Par cet arrêt, dont l'infographie synthétique est téléchargeable, la Cour d'appel de POITIERS est amenée à statuer sur la liquidation des préjudices en matière de faute inexcusable et, plus particulièrement, des frais engagés par une salariée pour se faire assister d’un médecin lors des réunions d’expertise.

En l’espèce, une salariée avait engagé une action devant les juridictions de sécurité sociale en vue de faire reconnaître la faute inexcusable de son employeur dans la survenance de sa maladie professionnelle.


Dans le présent arrêt, cette question n’était plus débattue puisque les juges avaient reconnu définitivement la faute inexcusable de l’employeur. Une expertise avait ensuite été ordonnée en vue d’évaluer les préjudices de la salariée. Une fois l’expertise déroulée, l’affaire revenait devant la Cour d’appel de POITIERS pour liquider les préjudices de la salariée.

En la matière, il convient de se reporter aux articles L. 452-1 et suivants du code de la sécurité sociale.

Plus particulièrement, en cas de reconnaissance de la faute inexcusable de l’employeur, le salarié bénéficie d’une majoration de son éventuelle rente qui lui a été accordée par la CPAM suite à son accident du travail ou sa maladie professionnelle.
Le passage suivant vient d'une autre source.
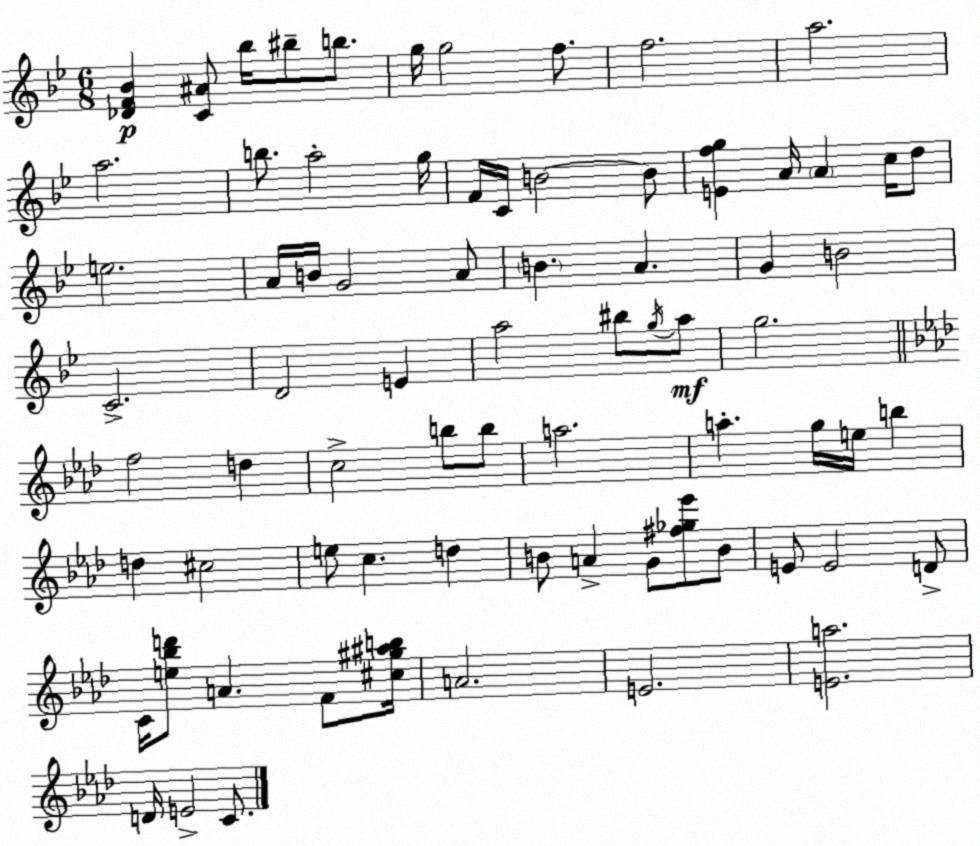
X:1
T:Untitled
M:6/8
L:1/4
K:Gm
[_DF_B] [C^A]/2 _b/4 ^b/2 b/2 g/4 g2 f/2 f2 a2 a2 b/2 a2 g/4 F/4 C/4 B2 B/2 [Efg] A/4 A c/4 d/2 e2 A/4 B/4 G2 A/2 B A G B2 C2 D2 E a2 ^b/2 g/4 a/2 g2 f2 d c2 b/2 b/2 a2 a g/4 e/4 b d ^c2 e/2 c d B/2 A G/2 [^f_g_e']/2 B/2 E/2 E2 D/2 C/4 [e_bd']/2 A F/2 [^c^g^ab]/4 A2 E2 [Ea]2 D/4 E2 C/2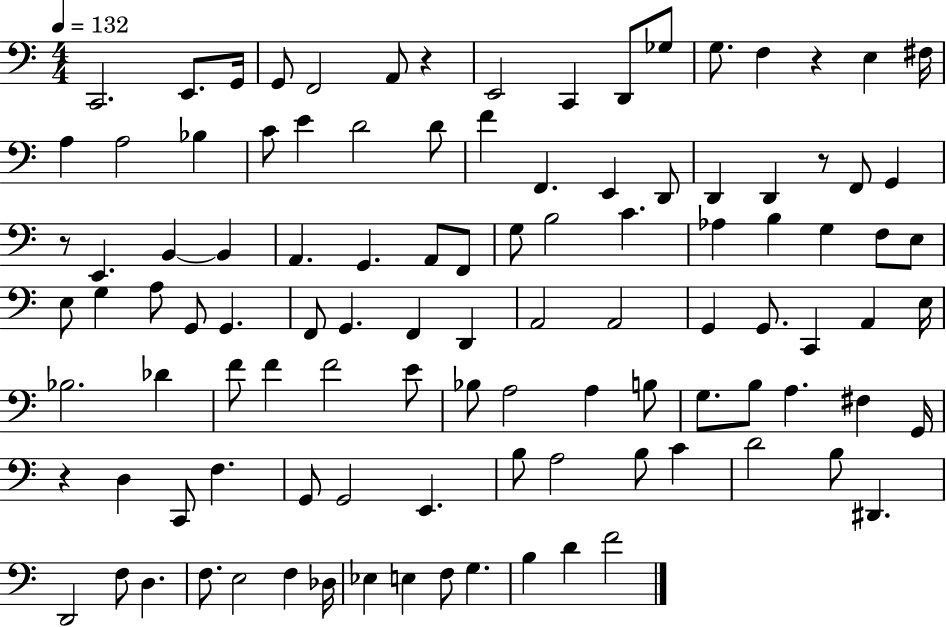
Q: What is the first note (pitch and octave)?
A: C2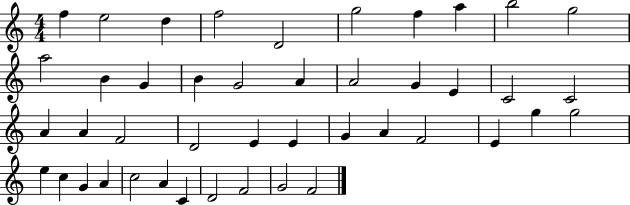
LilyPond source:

{
  \clef treble
  \numericTimeSignature
  \time 4/4
  \key c \major
  f''4 e''2 d''4 | f''2 d'2 | g''2 f''4 a''4 | b''2 g''2 | \break a''2 b'4 g'4 | b'4 g'2 a'4 | a'2 g'4 e'4 | c'2 c'2 | \break a'4 a'4 f'2 | d'2 e'4 e'4 | g'4 a'4 f'2 | e'4 g''4 g''2 | \break e''4 c''4 g'4 a'4 | c''2 a'4 c'4 | d'2 f'2 | g'2 f'2 | \break \bar "|."
}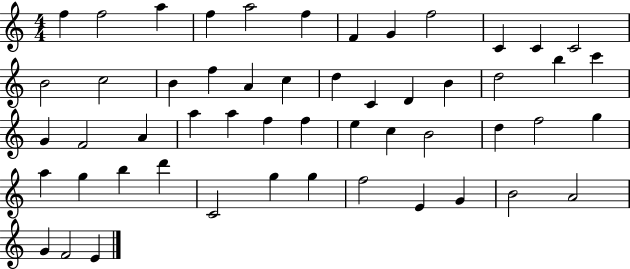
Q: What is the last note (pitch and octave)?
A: E4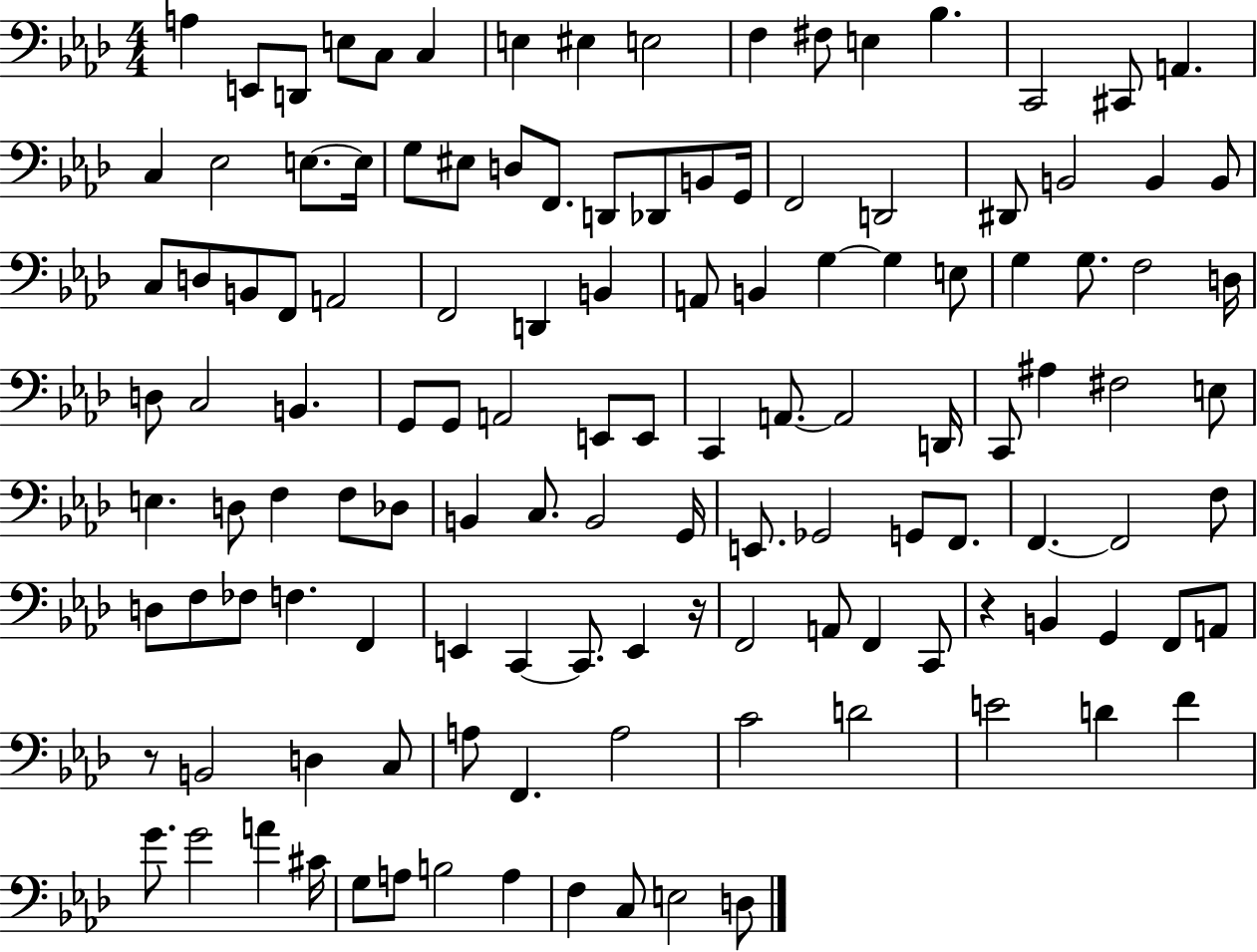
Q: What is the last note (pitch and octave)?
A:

En pratique, cette majoration a pour effet de doubler le montant de la rente.

Par ailleurs, outre cette majoration, l’article L. 453-2 du code précité prévoit que le salarié est en droit de réclamer la réparation du préjudice causé par les souffrances physiques et morales par elle endurées, de ses préjudices esthétiques et d'agrément ainsi que celle du préjudice résultant de la perte ou de la diminution de ses possibilités de promotion professionnelle.
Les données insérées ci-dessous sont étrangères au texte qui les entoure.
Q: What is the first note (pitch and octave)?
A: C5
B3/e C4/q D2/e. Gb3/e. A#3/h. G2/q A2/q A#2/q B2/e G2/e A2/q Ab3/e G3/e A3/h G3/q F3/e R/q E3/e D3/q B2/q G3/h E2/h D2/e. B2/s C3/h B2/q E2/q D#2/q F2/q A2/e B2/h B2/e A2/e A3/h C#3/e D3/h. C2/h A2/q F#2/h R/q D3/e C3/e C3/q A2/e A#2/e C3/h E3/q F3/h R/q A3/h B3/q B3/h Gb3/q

En listant ces préjudices, on pourrait croire que le salarié ne peut pas réclamer l’existence d’autres préjudices. Il n’en est rien puisque le Conseil constitutionnel a jugé que le salarié peut, devant la juridiction de la sécurité sociale, demander, outre la réparation des préjudices édictés à l’article
L. 452-3 du code de la sécurité sociale, la réparation de l’ensemble des dommages, y compris ceux non couverts par les dispositions du Livre 4 du Code de la Sécurité sociale et n'étant déjà pas pris en charge par l'assurance maladie (Con. const. 18 juin 2010, QPC n° 2010-08).
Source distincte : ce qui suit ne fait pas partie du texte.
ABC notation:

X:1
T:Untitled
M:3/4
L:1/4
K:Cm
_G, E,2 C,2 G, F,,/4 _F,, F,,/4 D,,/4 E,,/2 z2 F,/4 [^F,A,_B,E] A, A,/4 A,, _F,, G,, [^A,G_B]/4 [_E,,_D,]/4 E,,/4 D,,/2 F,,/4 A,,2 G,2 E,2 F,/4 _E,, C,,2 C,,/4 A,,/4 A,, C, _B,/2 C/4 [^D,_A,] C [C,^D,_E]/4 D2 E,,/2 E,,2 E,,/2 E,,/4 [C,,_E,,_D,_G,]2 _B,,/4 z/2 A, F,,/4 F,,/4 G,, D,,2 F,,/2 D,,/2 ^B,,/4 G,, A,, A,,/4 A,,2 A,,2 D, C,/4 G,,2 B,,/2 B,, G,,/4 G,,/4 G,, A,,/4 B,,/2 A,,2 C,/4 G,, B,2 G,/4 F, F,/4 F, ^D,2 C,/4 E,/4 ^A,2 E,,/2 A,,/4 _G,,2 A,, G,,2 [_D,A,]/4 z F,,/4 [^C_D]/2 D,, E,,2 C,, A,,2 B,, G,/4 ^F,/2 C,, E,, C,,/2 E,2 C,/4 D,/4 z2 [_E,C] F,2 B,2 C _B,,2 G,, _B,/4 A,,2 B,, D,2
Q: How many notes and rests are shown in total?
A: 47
A la suite de cette décision, la jurisprudence de la Cour de cassation est venue peaufiner la liste des préjudices susceptibles d’être réparés suite à la reconnaissance d’une faute inexcusable de l’employeur.

Plus particulièrement, elle a jugé que le salarié est légitime à solliciter le remboursement des frais d'assistance de son médecin lors des opérations d'expertise (Cass. civ. 2ème, 18 décembre 2014, n° 13-25.839).

Outre le recours à un avocat pour la procédure judiciaire, le recours à un médecin est des plus opportuns pour disposer d’un avis éclairé sur les conclusions médicales de l’expert désigné par la juridiction.

La Cour d’appel de POITIERS ne fait donc qu’appliquer cette jurisprudence. Elle note ainsi que les frais d'assistance par un médecin conseil sont effectivement la conséquence directe de la faute inexcusable de l'employeur. Ne figurant pas parmi les chefs de préjudice expressément couverts par le livre IV du code de la sécurité sociale, ils ouvrent droit à indemnisation complémentaire en vertu notamment du principe de la réparation intégrale.

La Cour condamne donc l'employeur à rembourser au salarié les frais engagés pour se faire assister d'un médecin.  

Maître Florent LABRUGERE

Avocat au Barreau de LYON

 

N.B : On ne sait pas, au jour de la rédaction de ce billet, si l’arrêt est définitif et n’a pas fait l’objet d’un pourvoi en cassation.